Of course, some of you might say, "Randy, you were already fat before got sick and getting fatter doesn't really count as getting fat. Just fatter." Yes, that is true but unlike most ham beasts who eat deep-fried cheesecakes for breakfast but continue to proclaim that they have a glandular problem, I was actively doing something about my corpulence prior to succumbing to the Japanese Monster Terror sickness. I was starting to make great strides, too. I mean, I was to the point where if we were in a dark room and you closed your eyes and just spaced out for a while, I might actually appear skinny. Yeah, that's how close I was. Oh well. No better time than the present that starts sometime in the future to begin again. Just not today. I have a lot of leftovers in the fridge and I don't feel like being wasteful.
Stare At Stuff
In general, we all lead really busy and important lives. Some of those lives are actually important (bartender) while some simply have an inflated sense of self-worth (police officer) but either way, most often we are far too busy with doing "important" tasks like breathing to waste our precious free time staring at stuff. When you're sick, however, all that flies out the window. Based on the degree of how not well you are, chances are good that you'll probably be lying in bed doing nothing but giving yourself an occasional four fingered tug-job when you don't think anyone is looking. After that thrilling 30 seconds, you'll be left with despair and a lot of free time. Free time which can be used to stare at stuff.
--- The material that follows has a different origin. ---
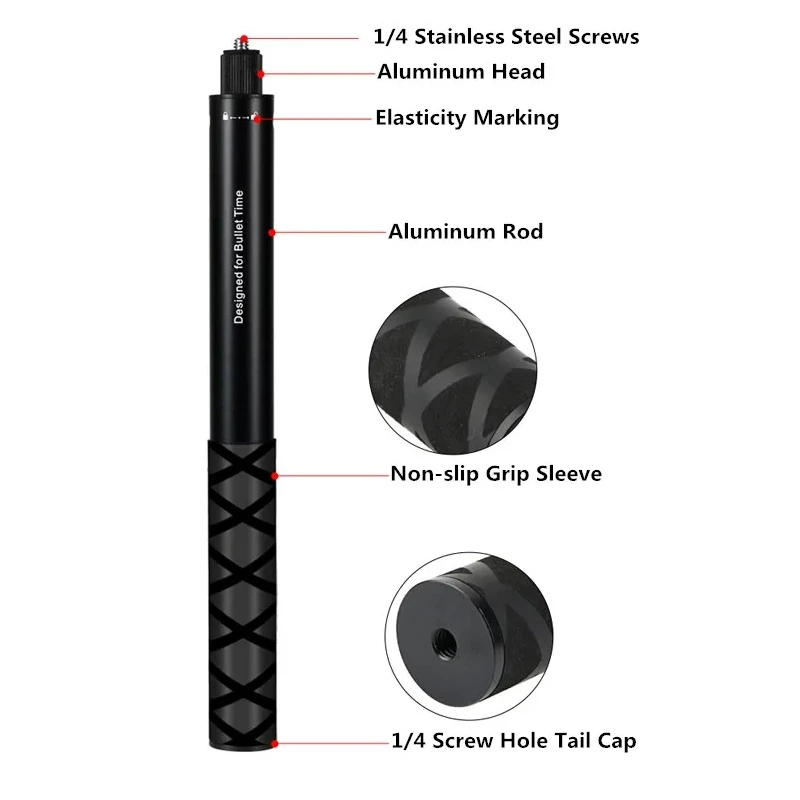 Unsichtbare Extended Edition Selfie Stick Skalierbare Einbeinstativ für Insta360 X2 X3 X4 Zubehör Für GoPro 12 11 10 9 8 Stick Stativ – Detail 5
Like, for example, you get to stare at the mess you just made in the sheets and you'll be staring at it for a while because you can't really move or anything. Maybe you'll notice that spider making a home in the corner of the room, also. You're kind of freaked out because he's big but you make a pledge to capture him once you're all better. Now, you took a catnap because staring at stuff is hard and once you wake up, the spider is gone. Where did he go? They don't just disappear. He's probably crawling along the floor now or even worse, he is in the bed with you. Maybe he's checking out the mess you made. Then you feel that twitch on your leg or something and you're convinced something is crawling all over you. That sucks. Jesus, no wonder people don't stop and stare at stuff very often.
Make Mental Notes
Because you're sick and following this guide, you're probably not writing anything down at this point because I already told you not to. So, we're going to have to rely on mental notes. Mental notes are like actual notes if the paper you wrote the note on was made of a mushy gray substance that deteriorated after one or two beers until the note becomes illegible. Mental notes are a great way to pass the sick time because you're only limited by your own imagination. Maybe you make some mental notes about all the amazing stuff that you're going to do once you get better. Go ahead and make this list as grand as possible. Don't worry, you're not going to actually do any of it. The great thing about mental notes is the lack of paper trail. Only you can see what an abject failure your life is. For me, I made a bunch of mental notes about stuff do to pass the time while I was sick. I promptly forgot all of it and just stole the stuff above from the internet.